Failure to mail a notice or communication to a Holder or any defect in it shall not affect its sufficiency with respect to other Holders. Except as otherwise provided in this Indenture, if a notice or communication is mailed in the manner provided in this Section 10.02, it is duly given, whether or not the addressee receives it. Any notice or communication to the Trustee shall be deemed delivered upon receipt.
Where this Indenture provides for notice in any manner, such notice may be waived in writing by the Person entitled to receive such notice, either before or after the event, and such waiver shall be the equivalent of such notice. Waivers of notice by Holders shall be filed with the Trustee, but such filing shall not be a condition precedent to the validity of any action taken in reliance upon such waiver.
In case it shall be impracticable to give notice as herein contemplated, then such notification as shall be made with the approval of the Trustee shall constitute a sufficient notification for every purpose hereunder.
Section 10.03. Certificate and Opinion as to Conditions Precedent. Upon any request or application by the Company to the Trustee to take any action under this Indenture, the Company shall furnish to the Trustee:
(a) an Officer’s Certificate stating that, in the opinion of the signers, all conditions precedent, if any, provided for in this Indenture relating to the proposed action have been complied with; and
(b) an Opinion of Counsel stating that, in the opinion of such counsel, all such conditions precedent have been complied with.

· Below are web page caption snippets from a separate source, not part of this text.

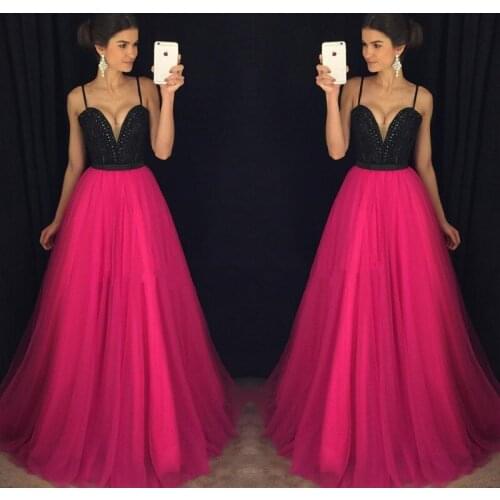 Spaghetti Strap A-line Prom Gown Sexy Sweetheart Womens Elegant Sleeveless Wedding Party Dresses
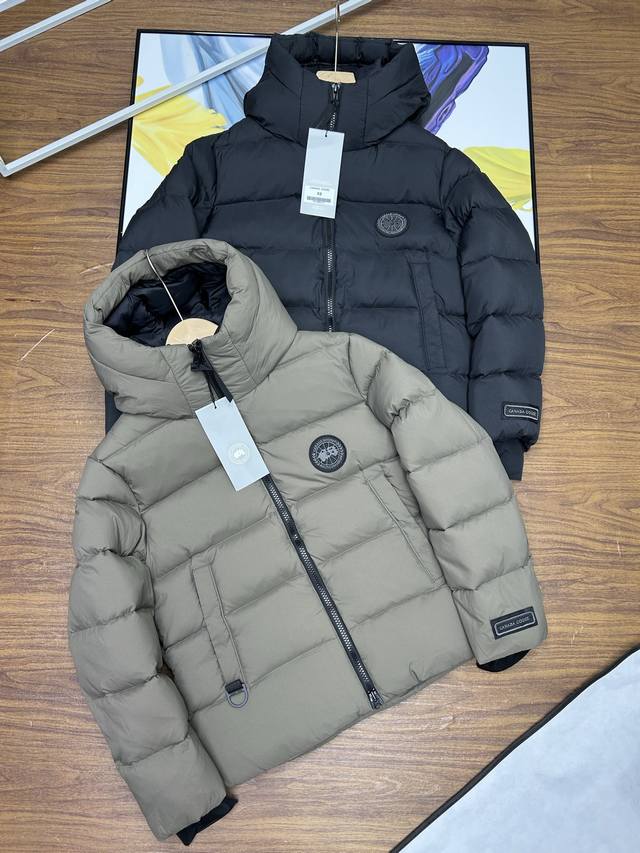 Canada Goose加拿大鹅 Grandview系列黑标连帽短款羽绒服情侣男女同款面包服 6月份购入原版开发 完美还原大鹅原汁原味的版型 90白鸭绒 童叟无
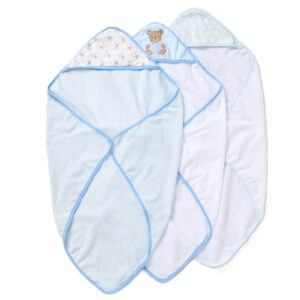 Baby Teddy 6 Piece Hooded Towels & Washcloths Bath Time Set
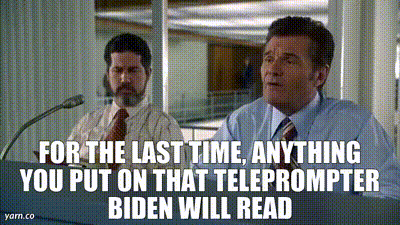 This is how Joe Biden SHOULD respond when he reads the teleprompter instructions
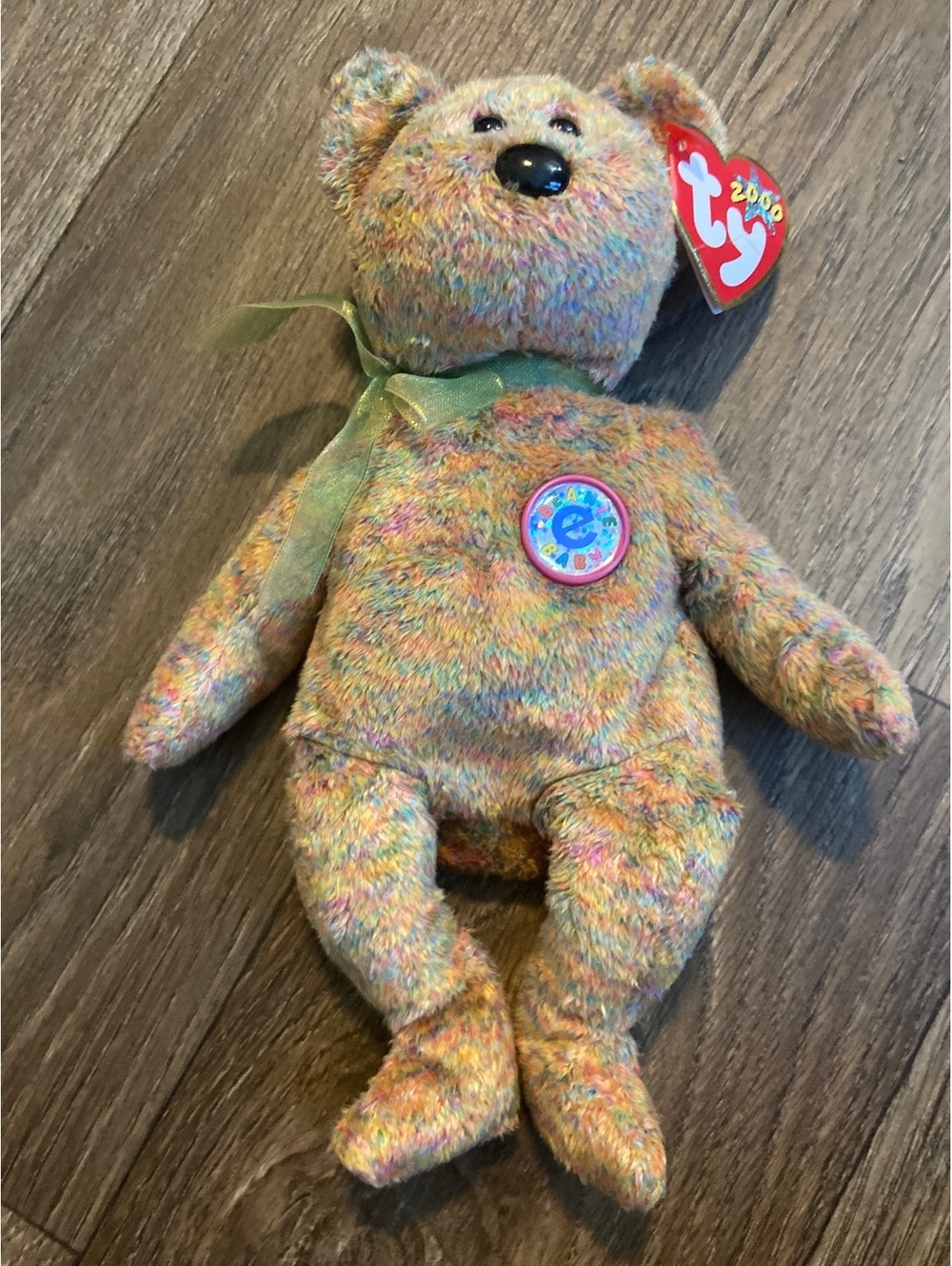 Ty Beanie Babies Speckles Plush Bear 2000 with Original Tags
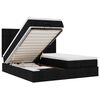 VidaXL Cadre de lit ottoman avec matelas noir 180x200cm tissu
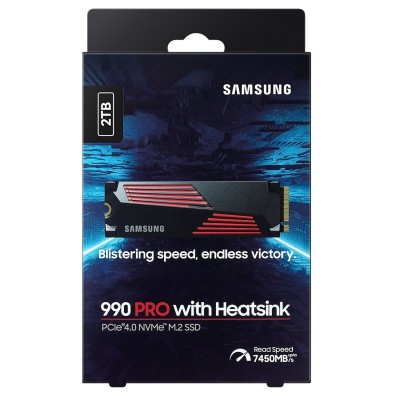 Твердотільний запам’ятовувальний пристрій накопичувач (SSD) G4 M.2 NVME 2TB W/HS 990 PRO MZ-V9P2T0CW SAMSUNG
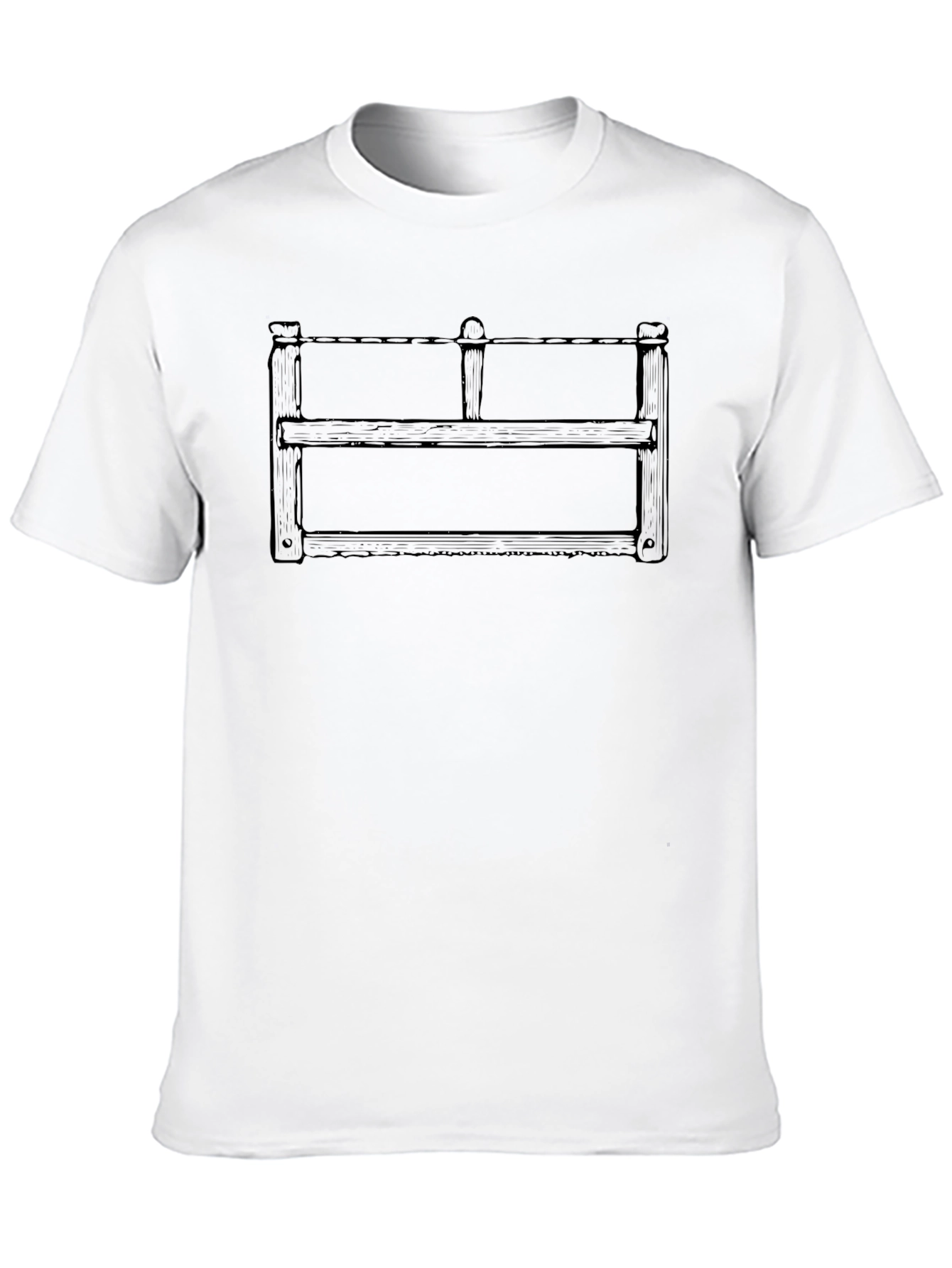 Hand Saw Graphic T-Shirt - Carpentry Tool Design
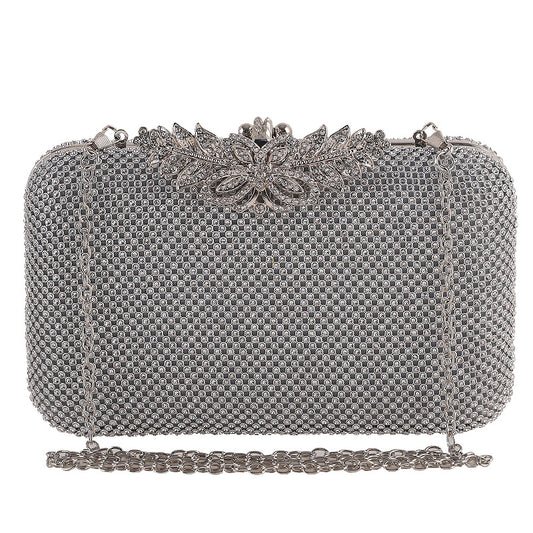 Women's Diamond Banquet Clutch All Match Dress Evening Bags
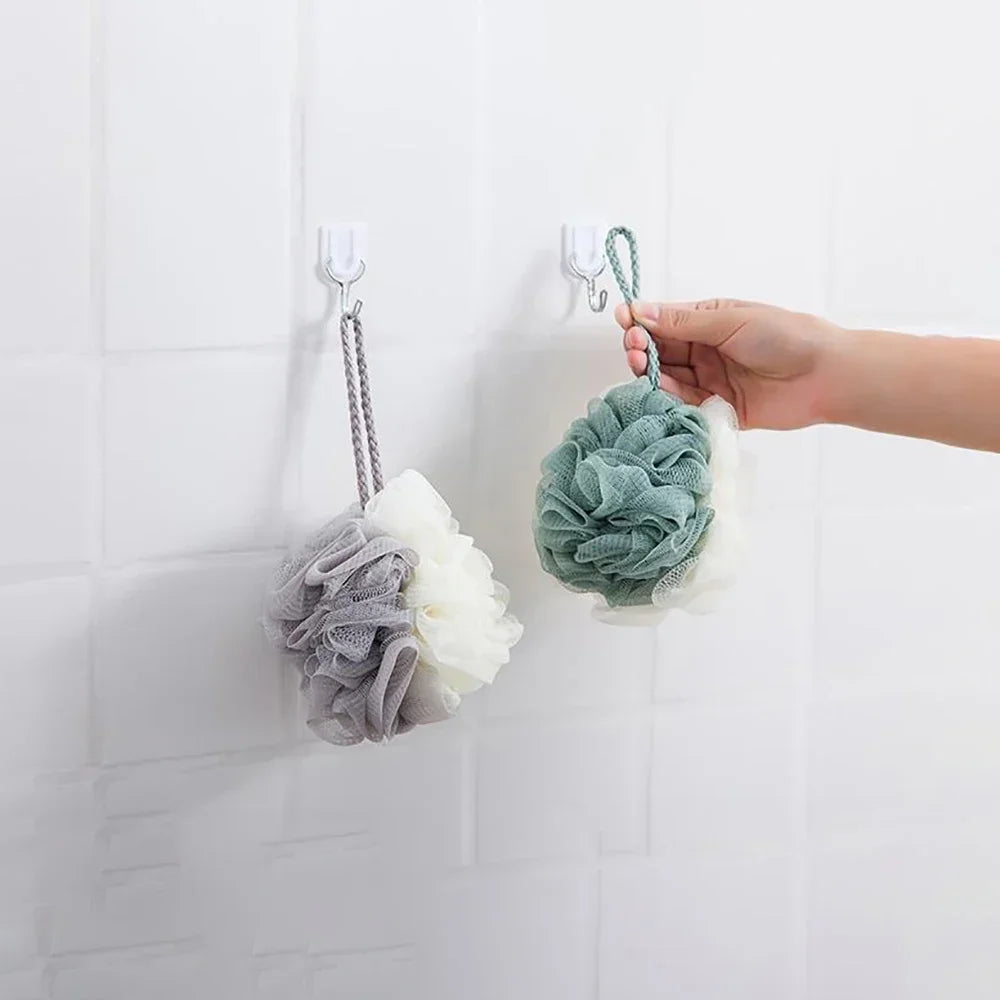 Soft Shower Mesh Foaming Sponge Body Scrub Exfoliating Back Brush Qme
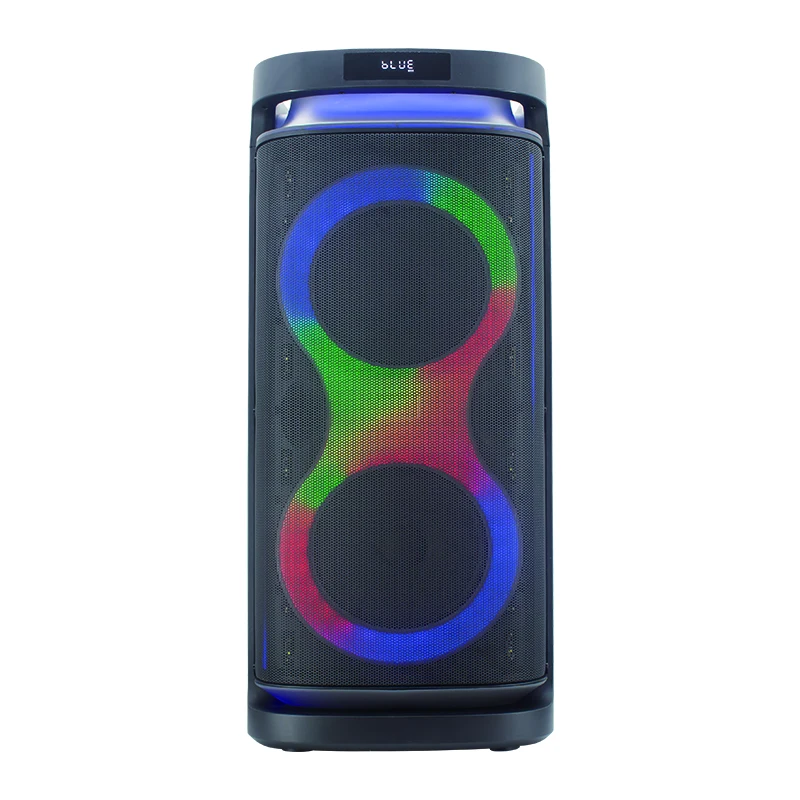 Double 10 Inch Recharging Trolley Portable Speaker Trolley Sound Speaker Box Wireless Speaker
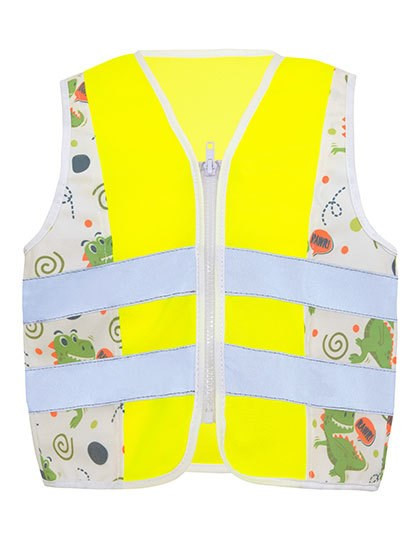 Korntex - Children´s Safety Vest Action Dinosaurs CO² Neutral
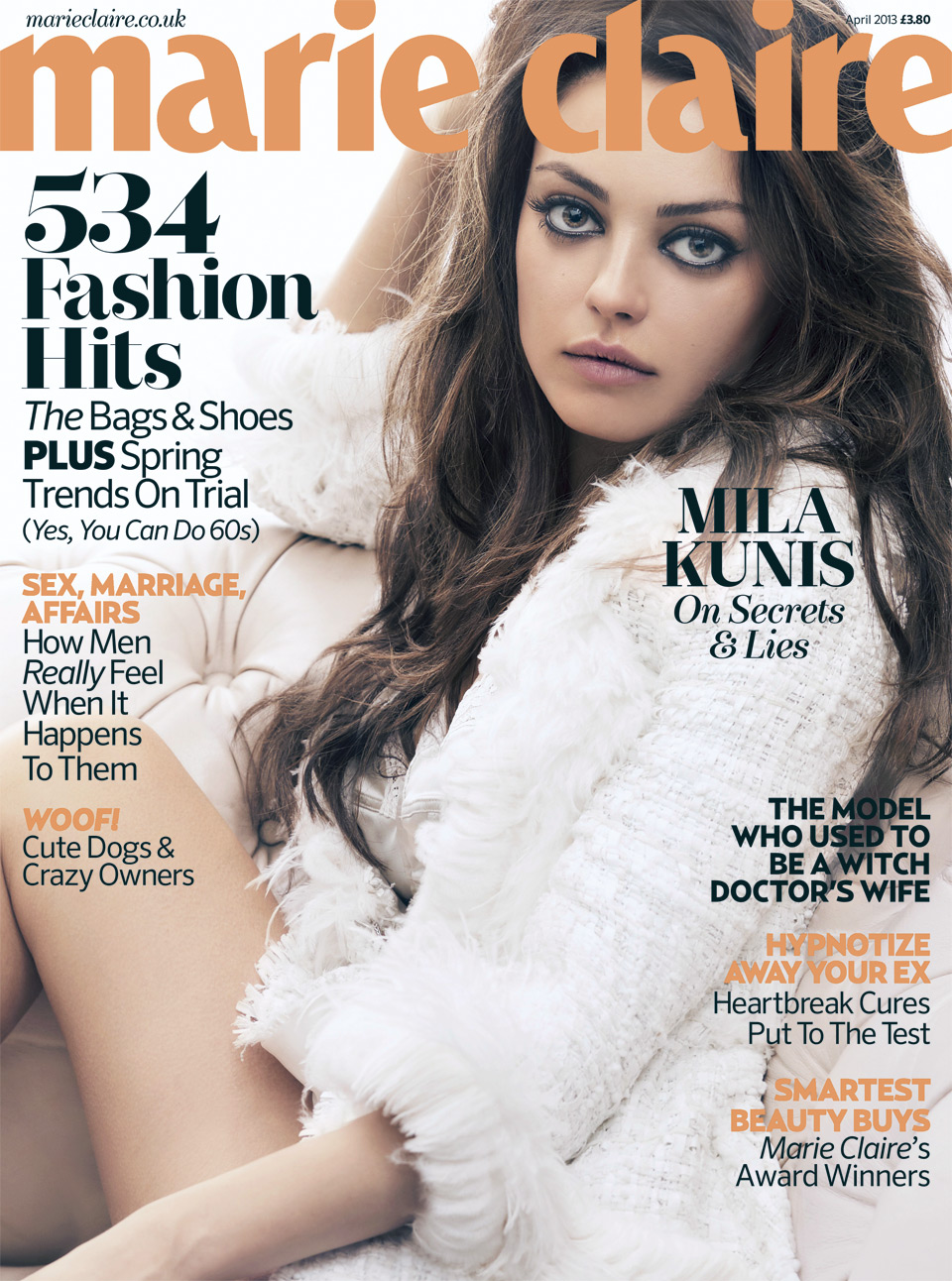 Mila Kunis for Marie Claire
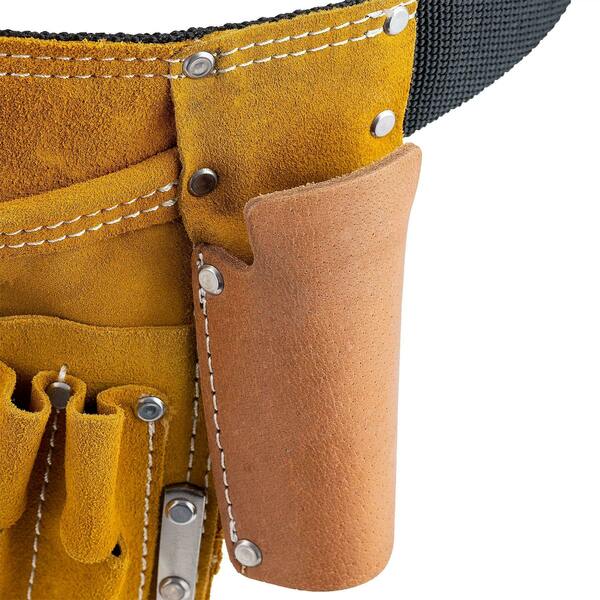 Suede Leather Apron, 11 Pocket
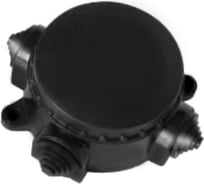 Распределительная коробка ЧПТУП ВЭТП Свет Витебск ОП 75х53мм 3-рожковая КЭМ1-10-3Б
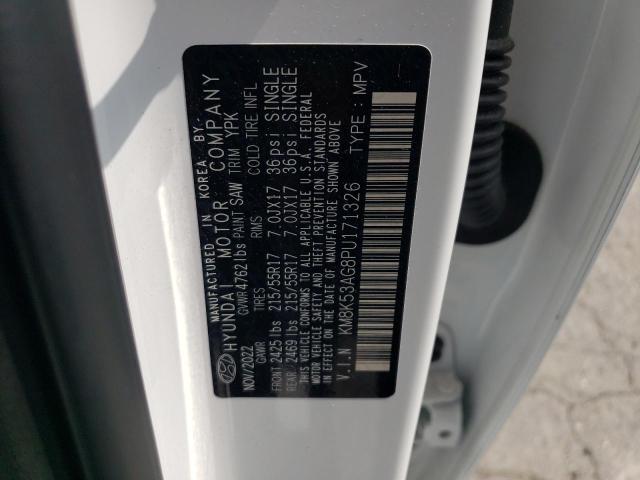 2023 Hyundai Kona Limited VIN: KM8K53AG8PU171326 Lot: 57154384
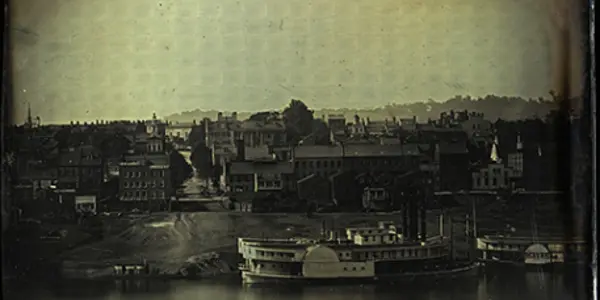 Early photographic image of humans discovered?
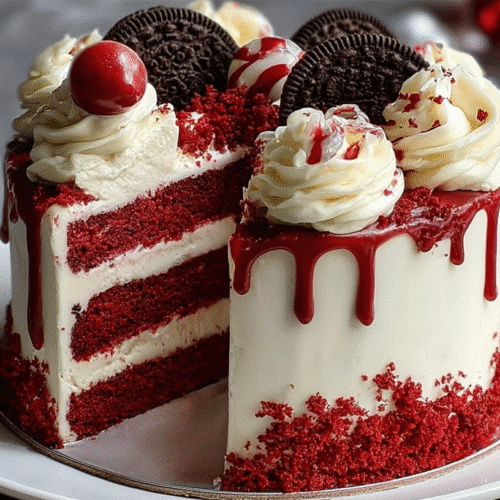 Christmas Red Velvet Cake 2 Christmas Red Velvet Cake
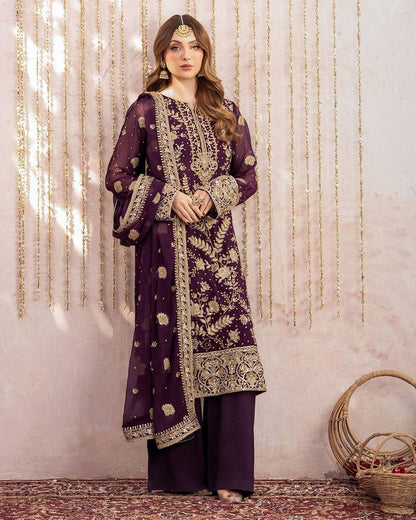 TRENDING KURTA PLAZZO AND DUPATTA SET WITH  BEAUTIFUL SEQUENCE EMBROIDERY WORK single available wholesale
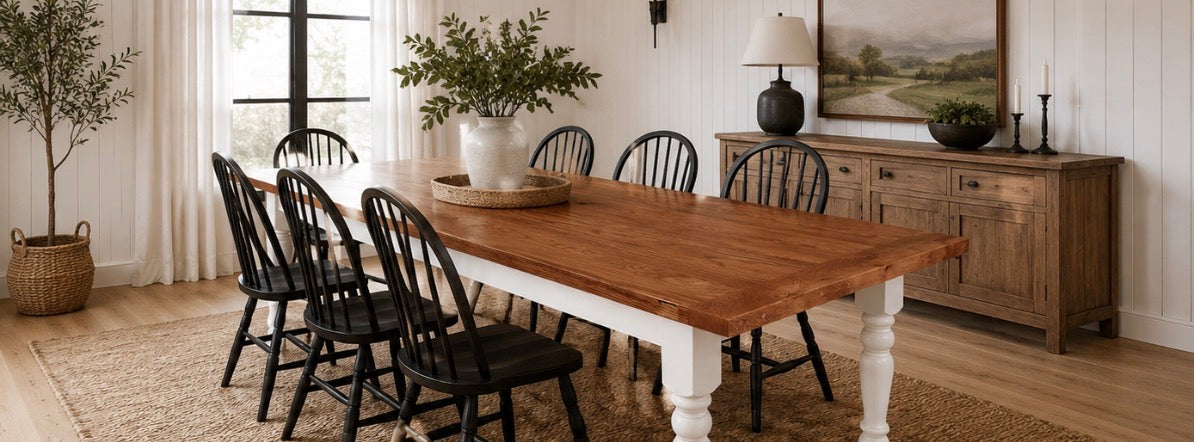 Amish Crafted Farmhouse Dining Tables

Section 10.04. Statements Required in Certificate or Opinion. Each certificate or opinion with respect to compliance with a condition or covenant provided for in this Indenture (other than the certificate required by Section 4.03) shall include:
(a) a statement that each person signing such certificate or opinion has read such covenant or condition and the definitions herein relating thereto;
(b) a brief statement as to the nature and scope of the examination or investigation upon which the statement or opinion contained in such certificate or opinion is based;
(c) a statement that, in the opinion of each such person, he has made such examination or investigation as is necessary to enable him to express an informed opinion as to whether or not such covenant or condition has been complied with; and
(d) a statement as to whether or not, in the opinion of each such person, such condition or covenant has been complied with.
Section 10.05. Forms of Documents Delivered to Trustee. In any case where several matters are required to be certified by, or covered by an opinion of, any specified Person, it is not necessary that all such matters be certified by, or covered by the opinion of, only one such Person, or that they be so certified or covered by only one document, but one such Person may certify or give an opinion with respect to some matters and one or more other such Persons as to other matters, and any such Person may certify or give an opinion as to such matters in one or several documents.
Any certificate or opinion of an officer of the Company may be based, insofar as it relates to legal matters, upon a certificate or opinion of, or representations by, counsel, unless such officer or counsel knows, or in the exercise of reasonable care should know, that the certificate or opinion or representations with respect to the matters upon which his or her certificate or opinion is based are erroneous. Any Opinion of Counsel may be based, insofar as it relates to factual matters, upon a certificate or opinion of, or representations by, an officer or officers of the Company stating that the information with respect to such factual matters is in the possession of the Company.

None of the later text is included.